- [AIM OF THE TASK]:
Repeat, word for word and with nothing added, each line from the one containing "Holiday Inn Munich - Unterhaching - Genel" to the final line of the data, keeping both ends. Pictures are not part of the copy.

- [DATA EXTRACT]:
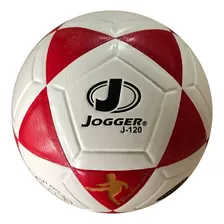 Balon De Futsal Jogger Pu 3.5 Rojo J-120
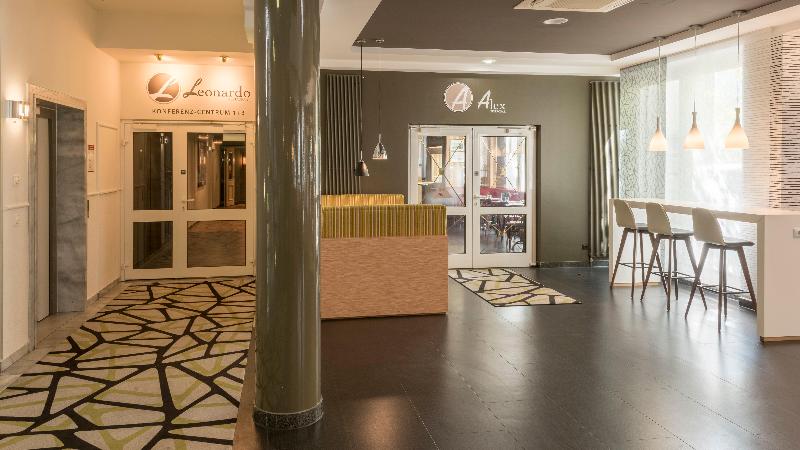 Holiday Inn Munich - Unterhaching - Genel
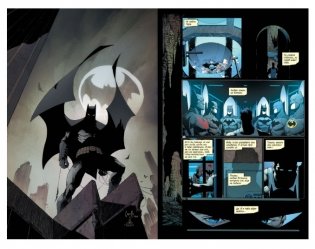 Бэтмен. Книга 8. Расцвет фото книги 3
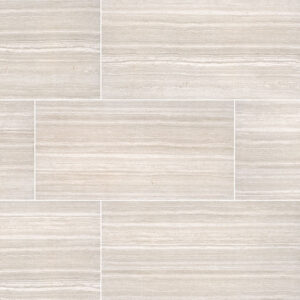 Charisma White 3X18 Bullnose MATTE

- [SOLUTION TO THIS TASK]:
 Holiday Inn Munich - Unterhaching - Genel
 Бэтмен. Книга 8. Расцвет фото книги 3
 Charisma White 3X18 Bullnose MATTE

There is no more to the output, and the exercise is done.